Last week I had the opportunity to spend a little time at Science Leadership Academy, the inquiry/project-based learning school started by Chris Lehmann. Here are several things that stuck with me as I reflected about what makes this school so special. [Note: “Special” is not just my opinion as evidenced by the fact that they have thousands of visitors come to see the school each year, receive over a thousand applications for the 120 openings for ninth grade and host educon, an annual learning conference that consistently draws the best and brightest thinkers and leaders in the world of education.]

These are things your school could should do, too. In no particular order…

1. A Common Language   
Everywhere you go at SLA, you know what’s up. It’s communicated in the posters on the walls, both in halls and classrooms. Three simple rules: Respect yourself, Respect the community, Respect SLA as a place of learning. As Jeremy Spry, our tour guide, put it, “Basically it comes down to ‘Don’t be jerk.'” 
I think that one of the most important things a school leader can do is infuse a school with a common language and value system. It is undeniable that Lehmann has done that at SLA. It doesn’t mean that everyone has to teach the same way or that there is not room for individuality. It does mean that certain, important ideas, like norms of behavior and core values, are consistently communicated throughout the school. 
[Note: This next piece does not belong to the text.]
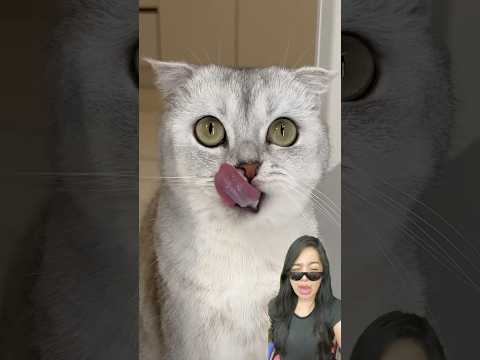 MAKANYA JADI MEONG GAK BOLEH RAKUS 😬✌️‼️#cat #pets #comedy #shortvideo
2. Kids Over Content                                                                                                                       
If you’ve read his blog or talked to Chris Lehmann you have heard him say that students should never be the implied object of their own education. In other words, it is clear that teachers are there to teach people. As Jeremy put it,
“Students don’t need us for information. They have Google for that. They need us to take care of them, raise them in community, guide them.
I think that is beautiful and so essential to remember. Of course, I like teachers to also be passionate about the subjects they teach, but kids come first!
3. Technology Like Oxygen
Another famous “Lehman-ism” is that technology in schools should be like oxygen- necessary, invisible and ubiquitous. I’m not sure what else to say about this one except that sometimes this is easier said than done, but as a vision, it’s the only reasonable choice.
4. School is Not to Prepare Kids for the Real World
I personally despise “schooliness” and think it is one of the most insidious blockers of evolving our education system to meet the real needs of learners. Even young teachers seem to have trouble envisioning a classroom or school environment different from the ones they encountered as students.
Schooliness to me equates with teacher-centered and passive. Students show up waiting to be told what to do. Teachers show up to tell students what and how to learn and “manage” behavior. Learning is low-level and closed-ended.
Why is this still the dominant culture in so many schools?
What I heard at SLA was this: We don’t think of our job as preparing kids for the real world. We believe our students already live in the real world. We don’t ban cell phones because cell phones and the distractions they provide are part of life.

5. Passion Matters!
Jeremy told us about the process by which students apply to become SLA freshmen. He said they receive over a thousand applications for around 120 open spots. Admission process is by interview, and interviews are open to anyone. The interviewee shares a learning project about which he or she is excited. What they are looking for is passionate learners. I compare this with high schools that base admissions on grades and test scores. Passion for learning is a much greater indicator of success. 
6. Good Design Required!
Art is a required course at SLA. Jeremy explained that visual literacy and design skills are not optional in today’s digital world. I agree, and I still see many presenters, otherwise highly qualified, who use outdated slides that lack visual appeal. It is obvious that SLA makes thoughtful decisions, based on what students need rather than what has always been considered important, when designing their curriculum.